BEGIN DATA EXCERPT

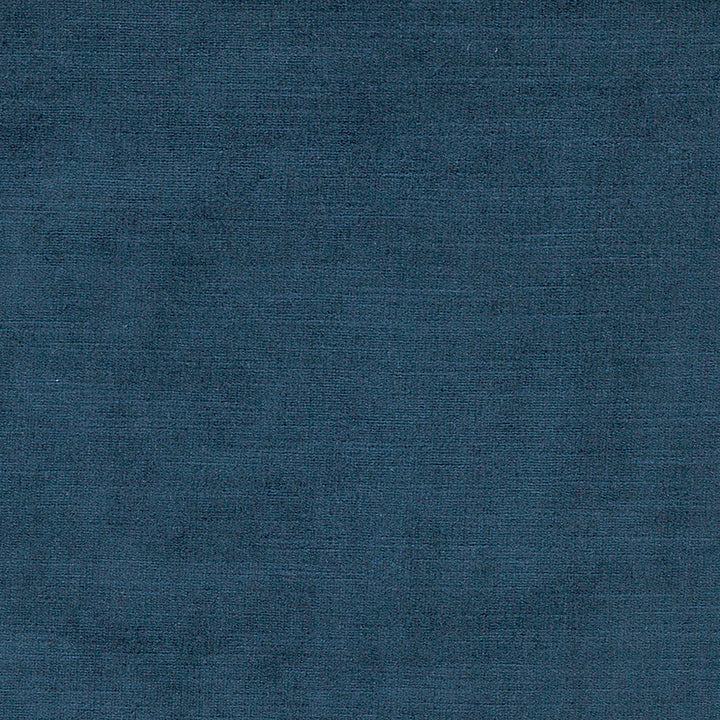 Sophia 69J6511 by JF Designer Fabric Sophia 77% Viscose, 14% Cotton, 9% Polyester India 200000 Horizontal: and Vertical: 55 - Swanky Fabrics -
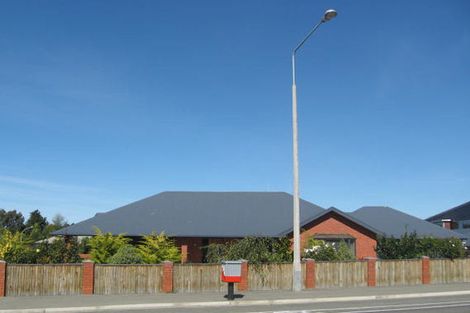Photo of property in 232 Pages Road, Gleniti, Timaru, 7910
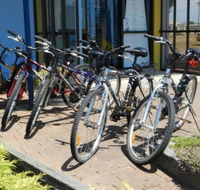 George Town to Low Head Walking and Cycling Trail - Hotel WA
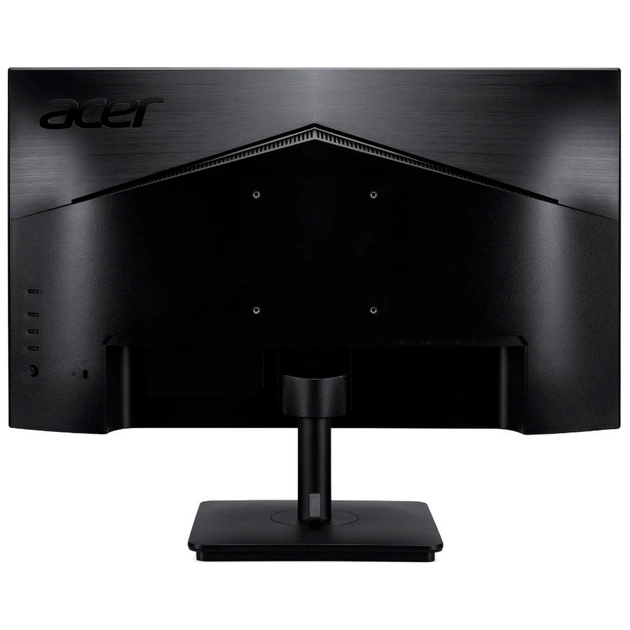 Монітор Acer V227QE3bi (UM.WV7CD.303) - зображення 5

END DATA EXCERPT

_PROMPT:_ Your answer must be only the lines from the one that holds "Photo of property" to the end of the listing, each restated word for word, with both ends kept and pictures left out.

_RESPONSE TO THIS TASK:_
Photo of property in 232 Pages Road, Gleniti, Timaru, 7910
 George Town to Low Head Walking and Cycling Trail - Hotel WA
 Монітор Acer V227QE3bi (UM.WV7CD.303) - зображення 5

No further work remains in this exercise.